Grand Theft Auto V's Los Santos is huge, but the player can't do a whole lot in it besides sparking chaos. RDR2 adds a ton of depth to the world itself, letting players inside most houses, and allowing Arthur Morgan to rummage through cabinets. It's understandable to not have access to every building within GTA's urban sprawls, but they should have as many as possible.
There's more to detail than inside environments too. If weather had an effect on the city, or parts of it were destructible, it would go along way towards making it feel alive. A Shenmue level of realism isn't expected, but it should strive for something more than what it has done in the past.
Rockstar's aiming mechanics are from the stone age. With the exception of Max Payne 3, all of their games are a chore when it comes to gunfights.
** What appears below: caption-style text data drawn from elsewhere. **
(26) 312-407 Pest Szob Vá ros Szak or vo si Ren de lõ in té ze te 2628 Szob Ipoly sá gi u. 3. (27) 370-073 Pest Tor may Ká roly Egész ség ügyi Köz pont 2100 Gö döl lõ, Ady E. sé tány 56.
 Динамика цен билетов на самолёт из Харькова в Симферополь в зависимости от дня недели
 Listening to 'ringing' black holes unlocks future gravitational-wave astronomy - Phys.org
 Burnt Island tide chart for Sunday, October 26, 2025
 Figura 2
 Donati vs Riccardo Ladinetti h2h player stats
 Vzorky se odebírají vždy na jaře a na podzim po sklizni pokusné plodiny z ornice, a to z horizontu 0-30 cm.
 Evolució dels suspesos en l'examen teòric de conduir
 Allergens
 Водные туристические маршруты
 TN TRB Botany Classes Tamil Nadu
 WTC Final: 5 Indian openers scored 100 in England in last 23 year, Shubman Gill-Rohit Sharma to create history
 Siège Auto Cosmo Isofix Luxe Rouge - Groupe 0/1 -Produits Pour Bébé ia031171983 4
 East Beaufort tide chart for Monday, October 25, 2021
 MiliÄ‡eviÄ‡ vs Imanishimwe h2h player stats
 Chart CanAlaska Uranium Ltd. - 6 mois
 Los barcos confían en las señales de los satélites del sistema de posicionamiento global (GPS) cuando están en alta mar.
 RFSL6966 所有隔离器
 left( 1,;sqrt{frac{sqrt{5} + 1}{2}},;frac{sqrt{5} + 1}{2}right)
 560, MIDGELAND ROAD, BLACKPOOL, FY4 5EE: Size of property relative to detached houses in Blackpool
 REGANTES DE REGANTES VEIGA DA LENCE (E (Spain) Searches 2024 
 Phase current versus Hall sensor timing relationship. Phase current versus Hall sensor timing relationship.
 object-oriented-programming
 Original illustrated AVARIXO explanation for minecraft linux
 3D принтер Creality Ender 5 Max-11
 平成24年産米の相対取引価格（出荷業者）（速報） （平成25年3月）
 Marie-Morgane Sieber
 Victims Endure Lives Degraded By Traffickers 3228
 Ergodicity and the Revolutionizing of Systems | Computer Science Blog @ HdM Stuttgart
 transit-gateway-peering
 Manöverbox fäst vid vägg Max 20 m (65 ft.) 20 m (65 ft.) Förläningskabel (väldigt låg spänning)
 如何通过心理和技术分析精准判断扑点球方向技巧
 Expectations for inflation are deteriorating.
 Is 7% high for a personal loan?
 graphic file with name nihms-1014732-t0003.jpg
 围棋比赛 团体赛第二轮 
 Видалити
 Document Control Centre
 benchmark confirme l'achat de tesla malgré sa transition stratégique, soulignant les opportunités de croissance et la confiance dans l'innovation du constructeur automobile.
Players who want to go without using auto aim will have a hard time, and there's no excuse for this in modern gaming.
Dan Houser's writing ability improves with each script, so there's no reason to believe Grand Theft Auto VI won't continue this trend. RDR2 really went miles ahead of GTA V with its plot. The western is a serious, somber tale about redemption, while Trevor, Michael, and Franklin's tale is more comedic.
The next GTA doesn't need to get as dour as Arthur Morgan's tale, but a black comedy can still have award-worthy dialogue and scenarios. One area that can still be improved upon is the heavy-handedness with which its themes are conveyed. Players are smart enough to understand subtext without having it banged over their heads.
Dedication to realism is a good thing, but the developers should remember they are still making a game. Riding a horse is cool and all, but sometimes people just want to quickly reach their objective marker.
On the other hand, if transportation is fun enough, people will want to drive everywhere instead of fast travel. GTA V already did this so well with its smooth as butter driving and ability to take a cab. People have little reason to worry about this, since the Red Dead games strive to simulate the wild west, and GTA tends to be looser with realism.
Characters in Rockstar games were always memorable, but they felt like cartoons. RDR2's ensemble feels like genuine people. When certain ones bit the bullet, it was absolutely devastating.
If they manage to get the same effect from characters in the next GTA, it will receive at least as much praise as RDR2.
As if getting guns wasn't enough, Arthur Morgan periodically needs to clean them to maintain their usefulness in a firefight.
It's a neat idea, but it breaks the pacing of missions and grows tiresome after watching the animation for the hundredth time. GTA VI shouldn't even think about adopting a similar mechanic. It would be like having to worry about gas in a car's tank.
Red Dead Redemption 2's original soundtrack does so much to heighten the emotion during its most crucial moments.
The original songs, written and performed by legends like Willie Nelson and D'Angelo, are catchy enough on their own, but are now unforgettable after being forever linked to the game. GTA VI should recruit more legendary songwriters and performers to lay down new tracks.
This system isn't too obtrusive in RDR2, where the whole world is heavier and survival is the main focus in gameplay.
GTA VI probably won't be about outlaws scraping by in the wild west, so they would likely feel out of place. Players should also have more health because death comes all too quickly in GTA V.
The amount of spoken dialogue in RDR2 is staggering. It takes a long time for Arthur to start repeating his lines, and the same goes true for the supporting cast.
GTA VI should offer the same amount of interaction with NPCs, or at least have more optional conversations with other characters.
Bounties made sense in the old west. For the game, it was a solid mechanic for encouraging a certain play style.
Rockstar didn't seem to want players to tackle this map like they would have Los Santos or Liberty City. However, such a system would only serve to limit freedom in a contemporary urban setting.